Zimmer has said that Christie's top officials suggested to her last May that Hurricane Sandy aid for the mile-square city was tied to Zimmer's support of development plans by a private company, the Rockefeller Group, which had been buying land in uptown Hoboken.
On Wednesday, MSNBC reported that Zimmer said she had told five people about the situation last year after it happened, including Zimmer's chief of staff, Dan Bryan, and her spokesman, Juan Melli. MSNBC quoted sources as saying that Bryan and Melli were already questioned by the FBI.
MSNBC also quoted Councilman David Mello as saying that Zimmer mentioned key conversations with Lt. Gov. Kim Guadagnano to him last summer.

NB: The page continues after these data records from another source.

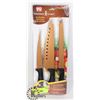 Image 1 : NEW COPPER CHEF 3PC KNIFE SET
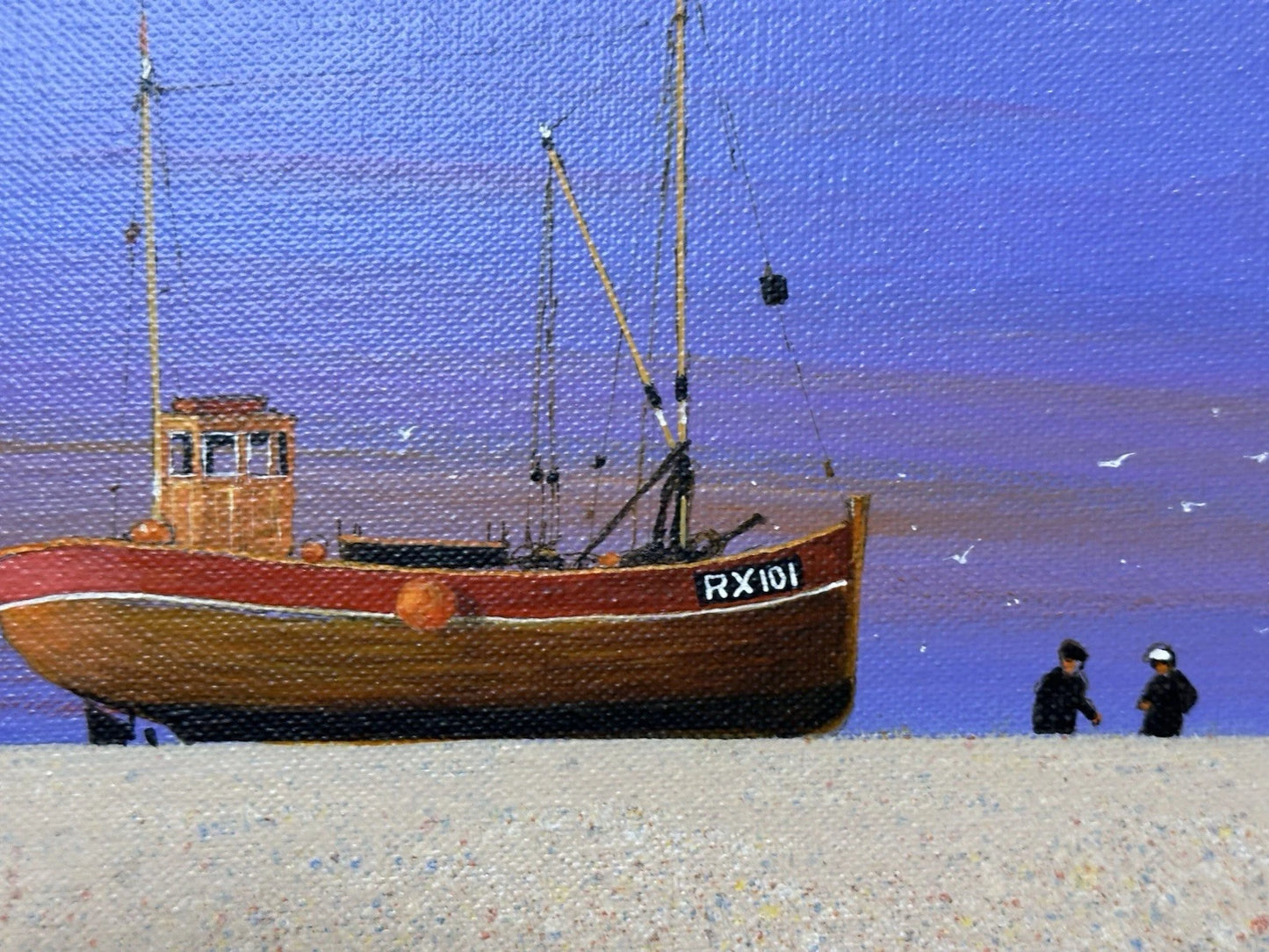 Alex Jawdokimov Large Original 2004 Oil, from Acclaimed High & Dry Series 90x40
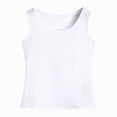 thumbnail image 4 of NIEWTR Girls' Solid Color Camisole Tank Tops Comfortable Breathable Sleeveless Casual Tops(White,S), 4 of 4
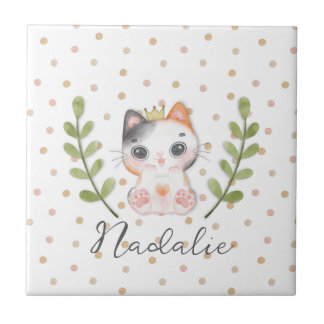 Azulejo Cute Cat Gato Suave Género Neutral Nursery Infanti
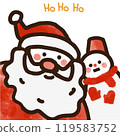 Cute Santa Claus and Snowman 119583752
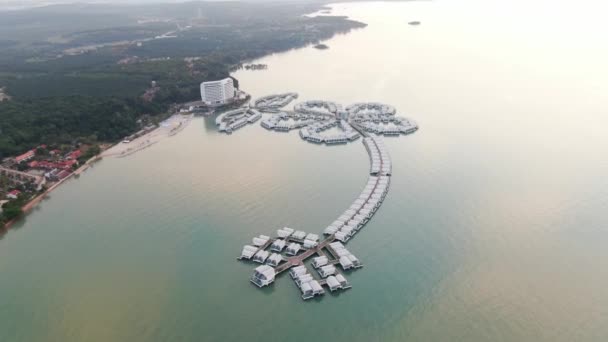 Port Dickson Negeri Sembilan Malásia Janeiro 2020 Flor Hibisco Hotéis — Vídeo de Stock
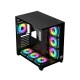 PC POWER ICEBERG V3 GAMING CASE  WITH 650W PSU & 10 ARGB (BLACK)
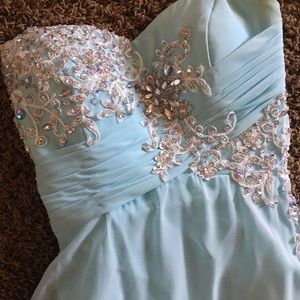 Light blue prom dress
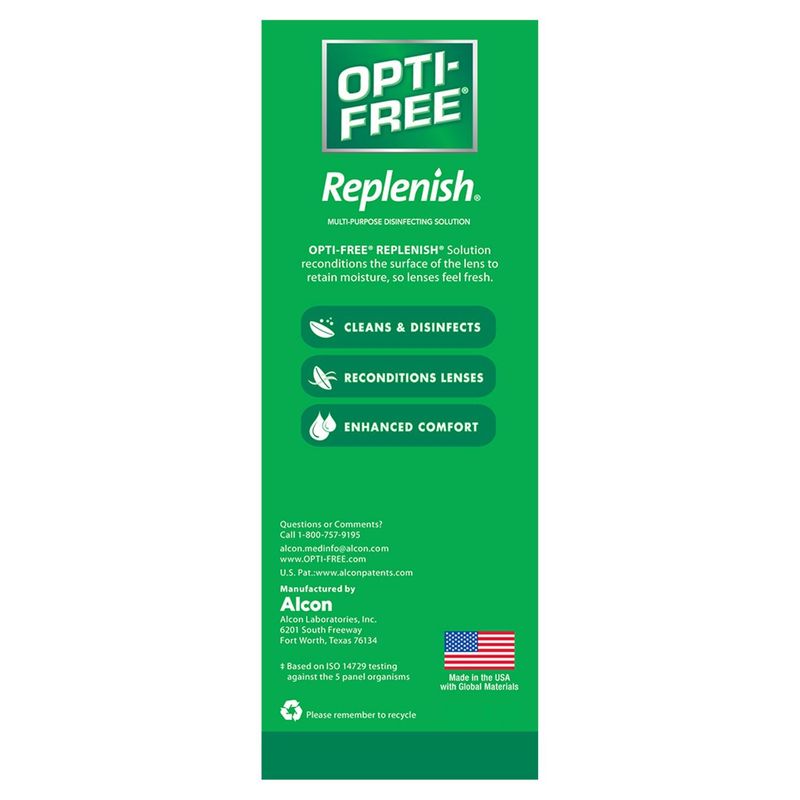 Opti-Free Replenish Multi-Purpose Disinfecting Solution, 10 fl oz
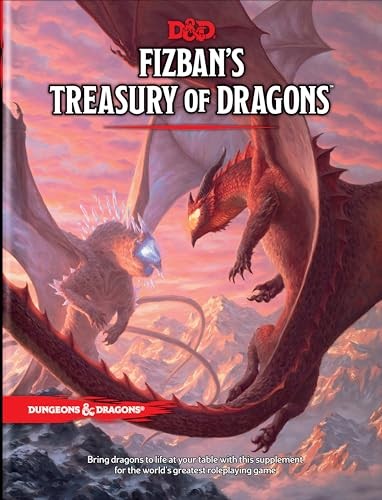 Dungeons & Dragons Fizban’s Treasury of Dragons Book, Very Good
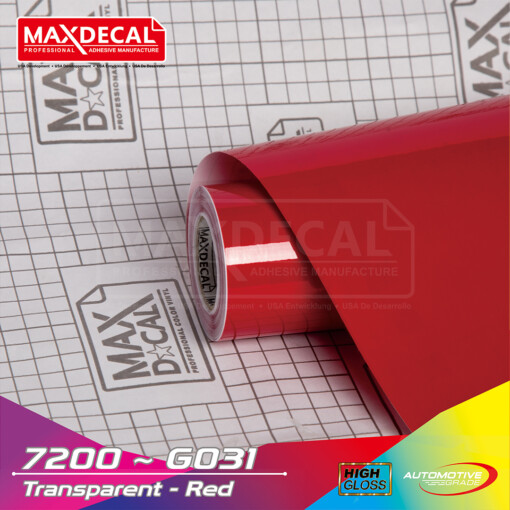 MAXDECAL 7200-G031 Transparent Red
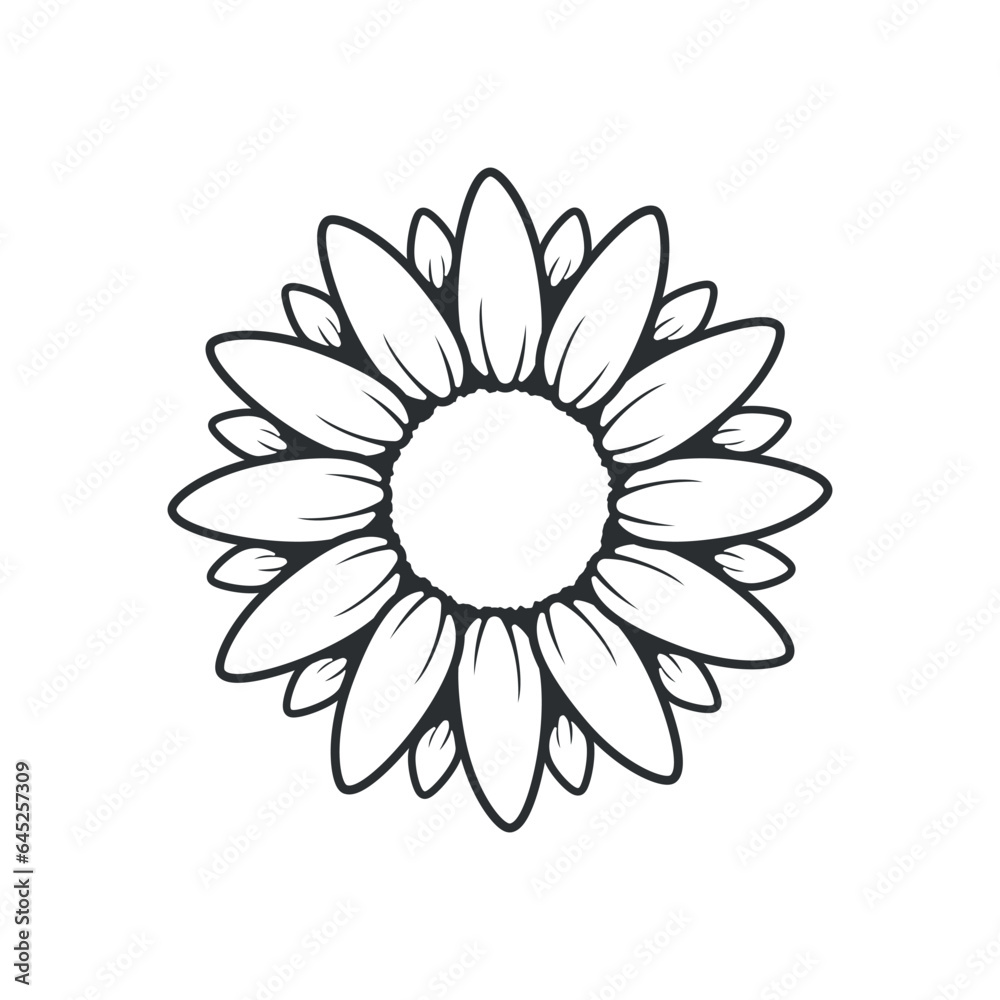 Sunflower icon in flat style. Flora vector illustration on isolated background. Sunflower sign business concept. Sunflower icon in flat style. Flora vector illustration on isolated background. Sunflower sign business concept.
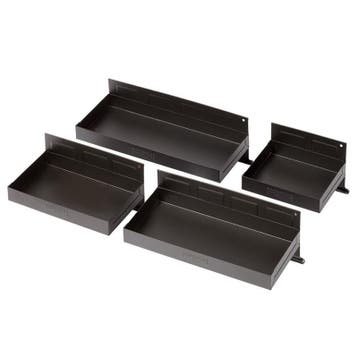 Set van 4 magnetische bakken - zwart, Doe-het-zelf en Bouw, Ophalen of Verzenden, Nieuw
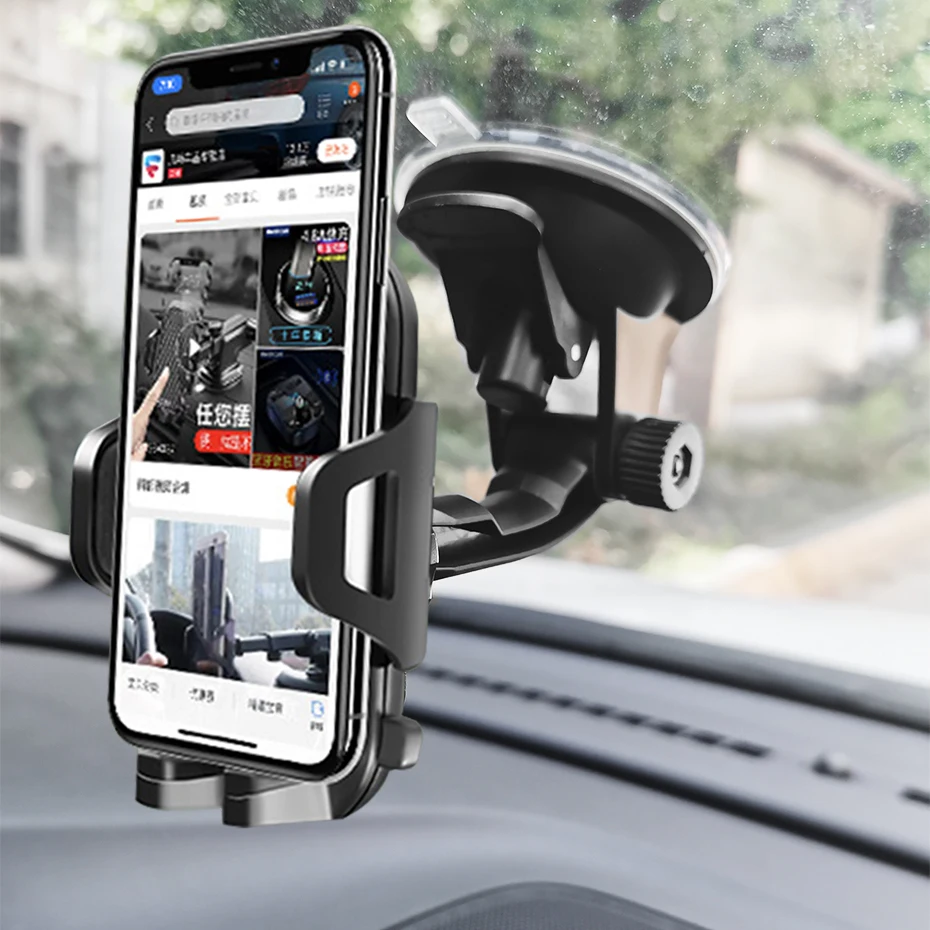 car phone holder suction 360 degree rotation windshield sucker for mobile cell phone universal in car stand bracket mount free global shipping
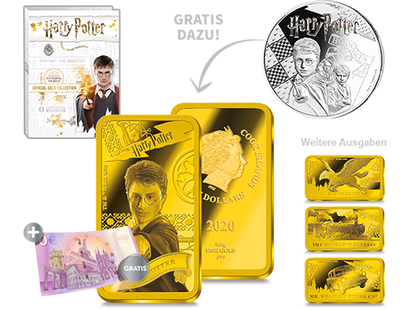 Die „Harry Potter“-Goldbarren-Kollektion!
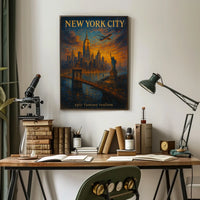 New York City Epic Fantasy Realism Poster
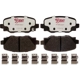 Purchase Top-Quality RAYBESTOS Element 3 - EHT1809H - Rear Hybrid Pads pa10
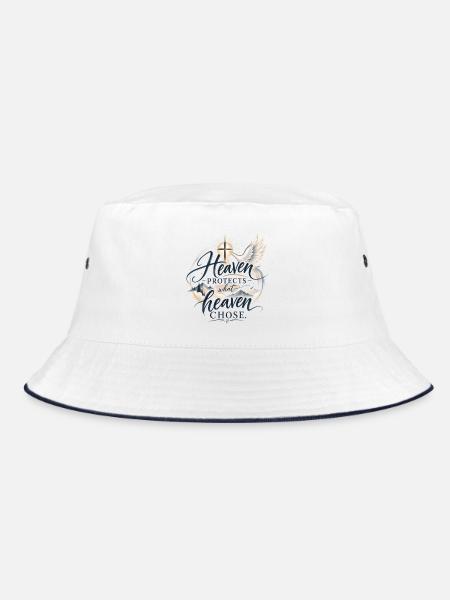 Der Himmel schützt, was der Himmel wählt - Bucket Hat - Weiß/Navy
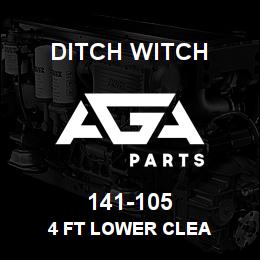 141-105 Ditch Witch 4 FT LOWER CLEA | AGA Parts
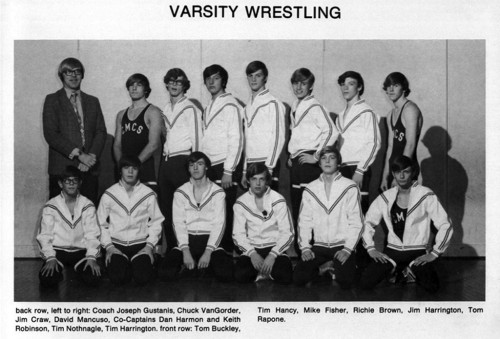 1972-1973 Caledonia-Mumford Red Raiders Varsity Wrestling
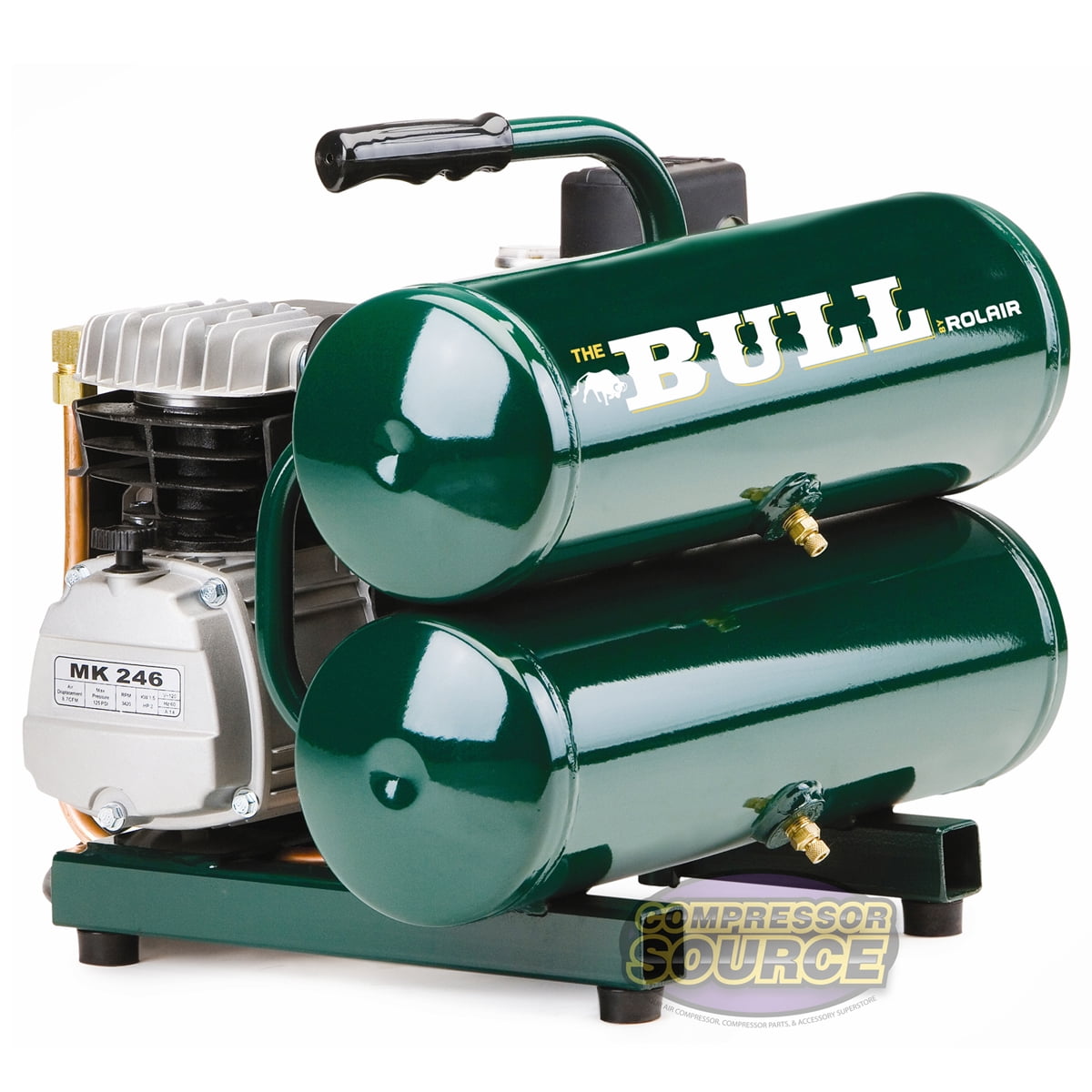 Rolair Portable Air Compressor,4.3 gal,Stack FC2002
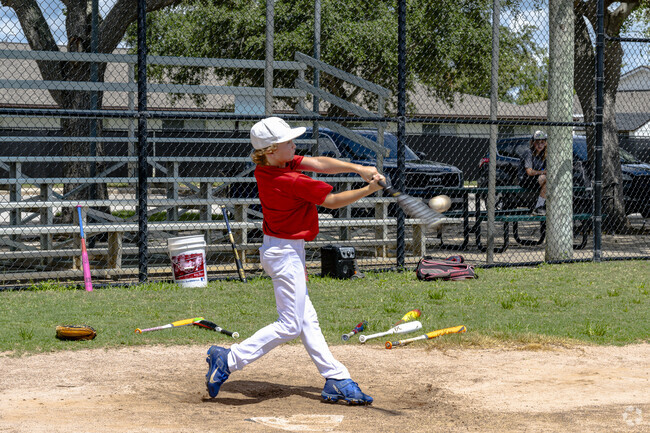 Work on your swing year round at the baseball fields at James Park.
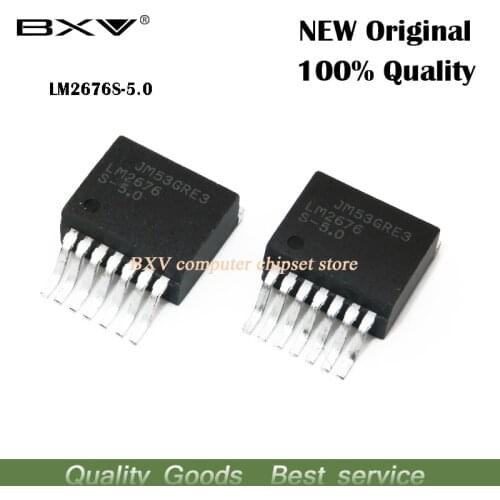 5PCS/LOT LM2676SX-5.0-NOPB TO263-7 IC REG BUCK 5V 3A TO263 LM2676S-5.0 LM2676 S-5.0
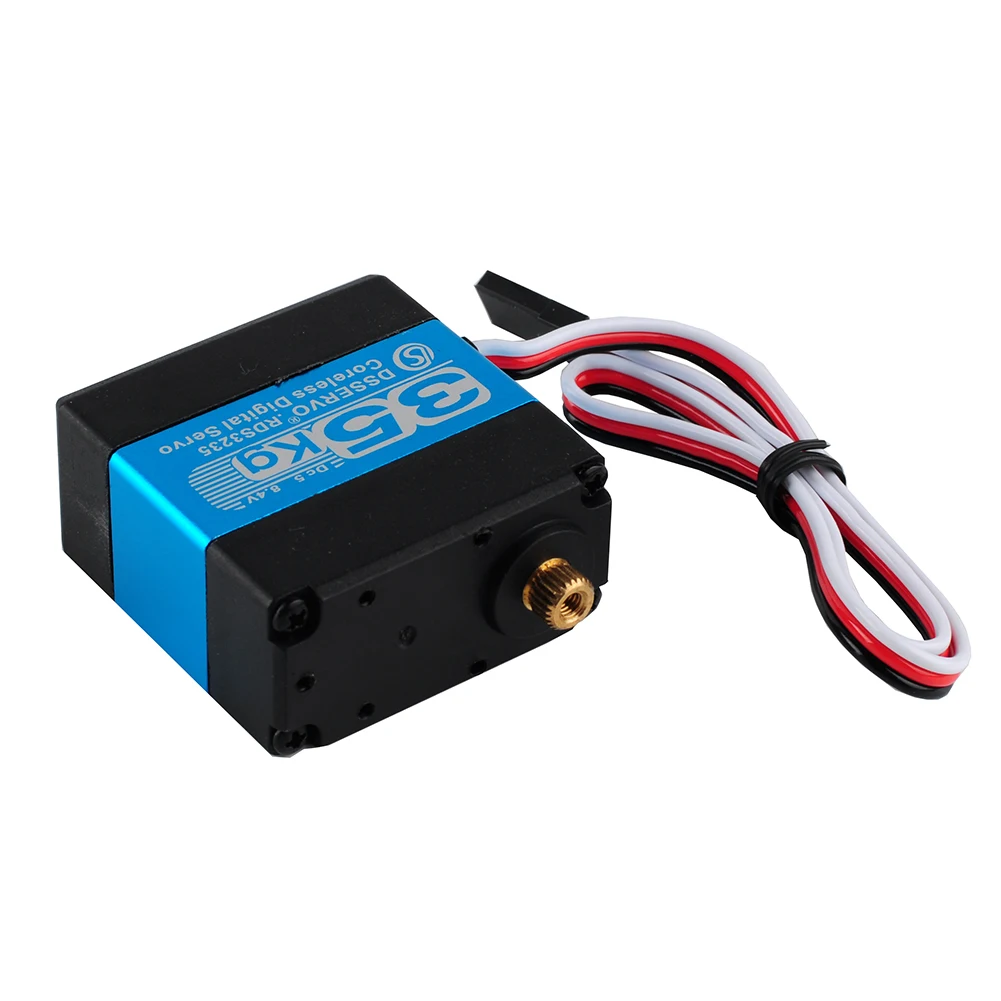 RCmall 4 Sets 35KG RDS3235 Coreless Digital Servo Hight Torque Metal Gear 180/ 270 Degree RC Robot Servo Motor for RC Car Robot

The Hoboken Reporter interviewed Zimmer this past Saturday night and asked her whom she had told about the conversations, but Zimmer declined at the time to say.
At a busy City Council meeting Wednesday night, many residents spoke about the issue, and the council sparred over whether to hire Krovatin, who has already represented the city in several lawsuits. Krovatin and wife Anna Quindlen, the writer, lived in Hoboken for many years.
One resident on Wednesday praised the mayor's "courage." Another said the mayor was being hypocritical, as Zimmer recently said she had terminated her former public safety director because he was asked to do something illegal by a developer and never told anyone about it. The issue arose recently because the fired employee was awarded $1 million from the city as a result.